Dirut dan VP PT KAPM Didakwa Menyuap Pejabat DJKA Kemenhub Rp1,125 M

SENIN, 03 JULI 2023 | 20:38 WIB | LAPORAN: JAMALUDIN AKMAL

Direktur Utama (Dirut) PT Kereta Api Properti Manajemen (KAPM), Yoseph Ibrahim dan Vice President (VP) PT KAPM, Parjono didakwa memberikan uang Rp1,125 miliar kepada pejabat Dirjen Perkeretaapian Kementerian Perhubungan (Kemenhub).

Dakwaan itu dibacakan langsung tim Jaksa Penuntut Umum (JPU) KPK di Pengadilan Tindak Pidana Korupsi (Tipikor) pada Pengadilan Negeri Jakarta Pusat, Senin (3/7).

Yoseph dan Parjono didakwa memberi uang Rp1,125 miliar secara bertahap kepada Direktur Prasarana DJKA Kemenhub, Harno Trimadi sekaligus sebagai Kuasa Pengguna Anggaran (KPA), dan Pejabat Pembuat Komitmen (PPK) 4 di Direktorat Prasarana Perkeretaapian, Kemenhub, Fadliansyah.


Uang tersebut diberikan agar Harno dan Fadliansyah mengatur paket pekerjaan perlintasan sebidang Jawa Sumatera tahun anggaran 2022 pada Direktorat Prasarana Perkeretaapian Kemenhub dan dimenangkan PT KAPM.

"Ini bertentangan dengan kewajibannya, yaitu kewajiban Harno Trimadi selaku KPA dan Fadliansyah selaku PPK," ujar Jaksa KPK.

PT KAPM merupakan anak perusahaan PT Kereta Api Indonesia (KAI) (Persero) dengan kegiatan usaha di bidang properti dan konstruksi terkait perkeretaapian.

Dalam kurun waktu Mei sampai Desember 2022, terdakwa Parjono atas persetujuan terdakwa Yoseph merealisasikan dan memberi uang sebesar Rp1 miliar kepada Harno dan Fadliansyah secara bertahap.

Pada Mei 2022, terdakwa Parjono melalui Yusril Ivandi menyerahkan uang Rp100 juta kepada Muhammad Ilman alias Idrus selaku Staf Direktorat Prasarana DJKA untuk ditujukan kepada Fadliansyah di kantor PT KAPM.

Selanjutnya pada Juni 2022, terdakwa Parjono melalui Yusril menyerahkan Rp100 juga kepada Idrus untuk ditujukan kepada Fadliansyah di warung Soto Tangkar di Jalan Kesehatan samping Graha Lestari.

Kemudian pada Juli 2022, terdakwa Parjono melalui Yusril menyerahkan Rp100 juta kepada Idrus untuk ditujukan kepada Fadliansyah di ruang tamu lantai 1 Graha Lestari.

Lalu pada September 2022, terdakwa Parjono melalui Yusril menyerahkan Rp200 juta kepada Idrus untuk ditujukan kepada Fadliansyah di ruang tamu lantai 1 Graha Lestari.

Selanjutnya pada November 2022, terdakwa Parjono melalui Yusril menyerahkan uang Rp200 juta kepada Idrus untuk ditujukan kepada Fadliansyah di ruang OB lantai 1 Graha Lestari.

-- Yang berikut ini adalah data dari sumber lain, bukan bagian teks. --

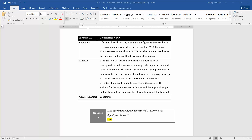This video is going to go over exercise 2.2, configuring WSUS. After you install WSUS, you have to configure it so you can retrieve the updates from Microsoft or another WSUS server. You'll also need to configure WSUS on what updates need to be downloaded and when the download should occur.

Lalu pada Desember 2022, dilaksanakan pembahasan addendum kontrak di Hotel Luminor Purwokerto, terdakwa Parjono menyerahkan uang Rp300 juta kepada Fadliansyah, sehingga pemberian commitment fee genap sebesar Rp1 miliar.

"Kemudian setelah penyerahan commitment fee tersebut, terdakwa II Parjono melaporkannya kepada terdakwa I Yoseph Ibrahim," kata Jaksa.

Selain pemberian commitment fee tersebut kata Jaksa, terdakwa Parjono atas persetujuan terdakwa Yoseph juga memberikan uang seluruhnya sebesar Rp125 juta untuk keperluan Fadliansyah dan Harno.

"Uang tersebut atas perintah Harno Trimadi akan dibagikan kepada pegawai honorer, pegawai kebersihan dan sekuriti Direktorat Prasarana sebagai Tunjangan Hari Raya (THR), namun batal dibagikan karena tertangkap tangan KPK," jelas Jaksa.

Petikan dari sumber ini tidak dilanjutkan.